* [YOUR GOAL] Please reproduce all the records exactly while leaving out their pictures.

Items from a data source
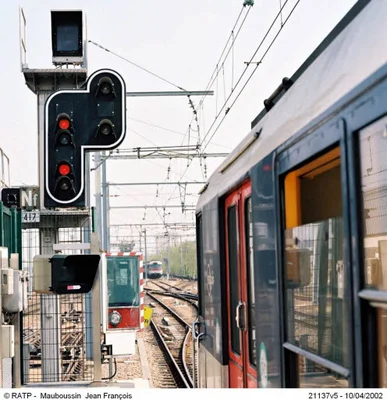 Un signal ferroviaire rouge et un train à l'arrêt illustrant une panne de signalisation.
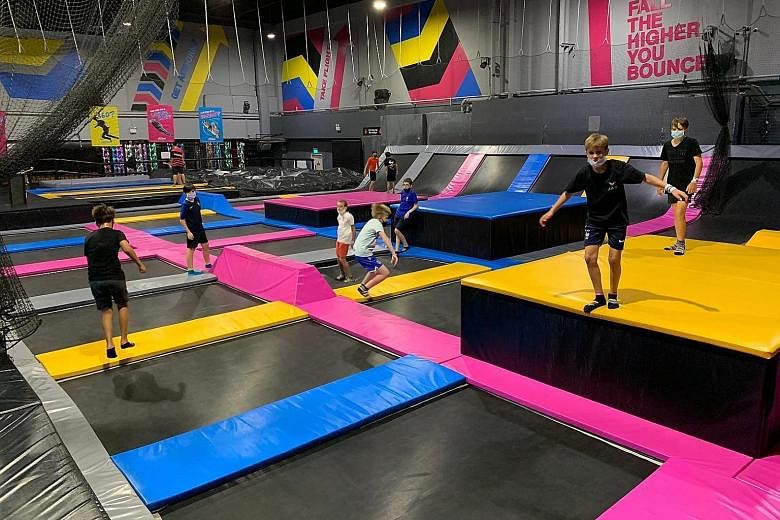 Visitors at the indoor trampoline park Bounce Singapore, which is operating with a new limited capacity. 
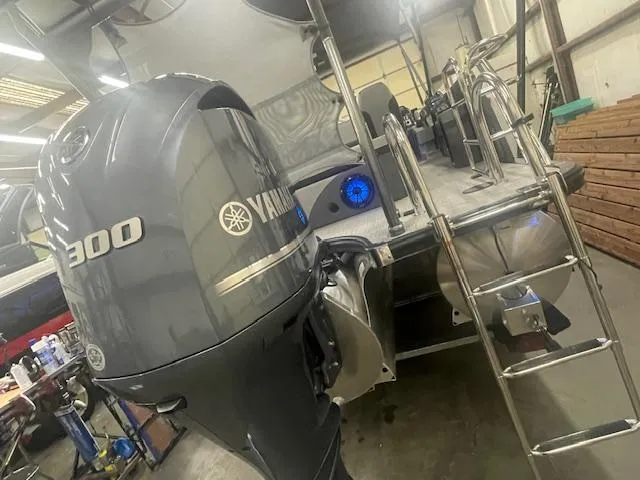 Slide: The Image of 2025 South Bay 500 boat with Yamaha 300 engine in a workshop. - 18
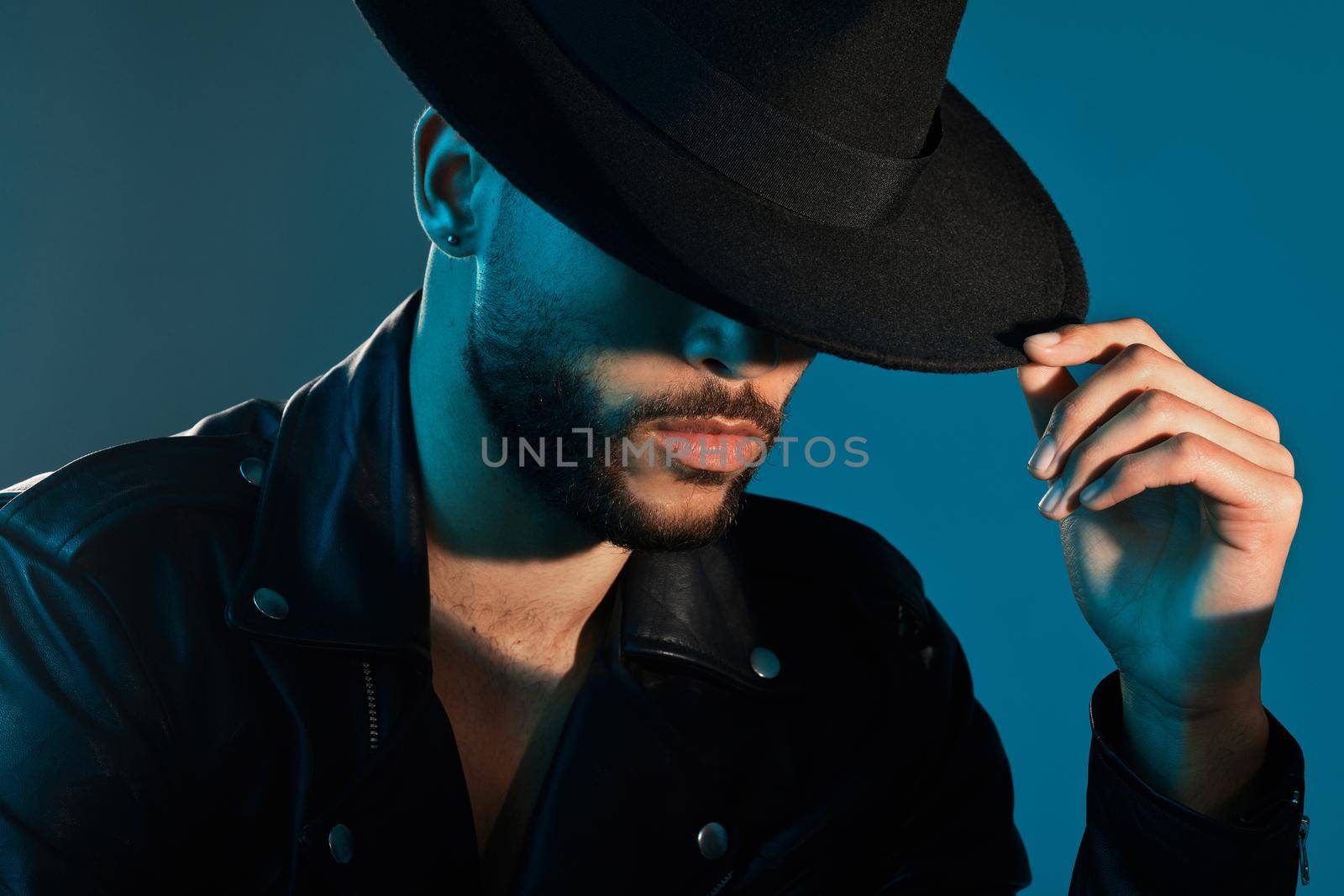 A hat completes the look. Conceptual shot of a stylish young man posing in studio against a blue background. by YuriArcurs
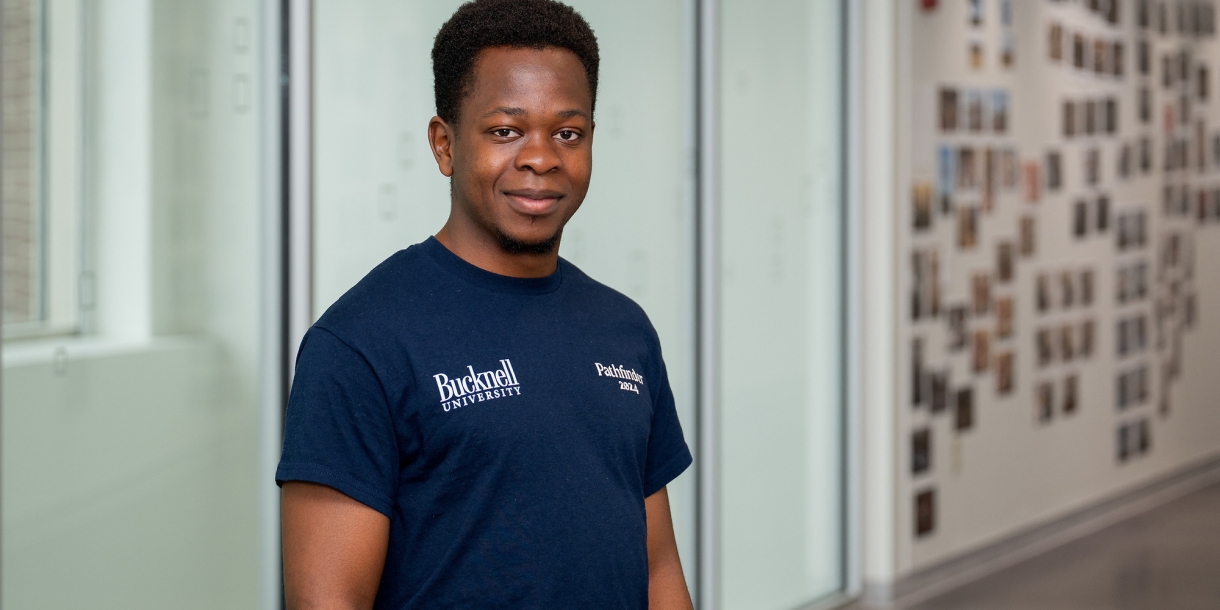 Emanneul Mudungwe stands and smiles in a hallway in Holmes Hall while wearing a navy Bucknell T-shirt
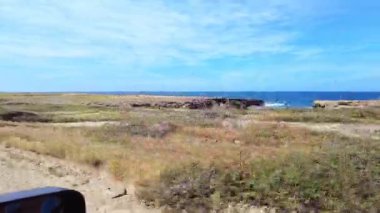 Arka planda Karayip Denizi kıyısı olan Arikok Ulusal Parkı 'ndaki çöl yolunda araba sürüşü görüntüsü. Aruba.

* [SOLUTION]
 Un signal ferroviaire rouge et un train à l'arrêt illustrant une panne de signalisation.
 Visitors at the indoor trampoline park Bounce Singapore, which is operating with a new limited capacity. 
 Slide: The Image of 2025 South Bay 500 boat with Yamaha 300 engine in a workshop. - 18
 A hat completes the look. Conceptual shot of a stylish young man posing in studio against a blue background. by YuriArcurs
 Emanneul Mudungwe stands and smiles in a hallway in Holmes Hall while wearing a navy Bucknell T-shirt
 Arka planda Karayip Denizi kıyısı olan Arikok Ulusal Parkı 'ndaki çöl yolunda araba sürüşü görüntüsü. Aruba.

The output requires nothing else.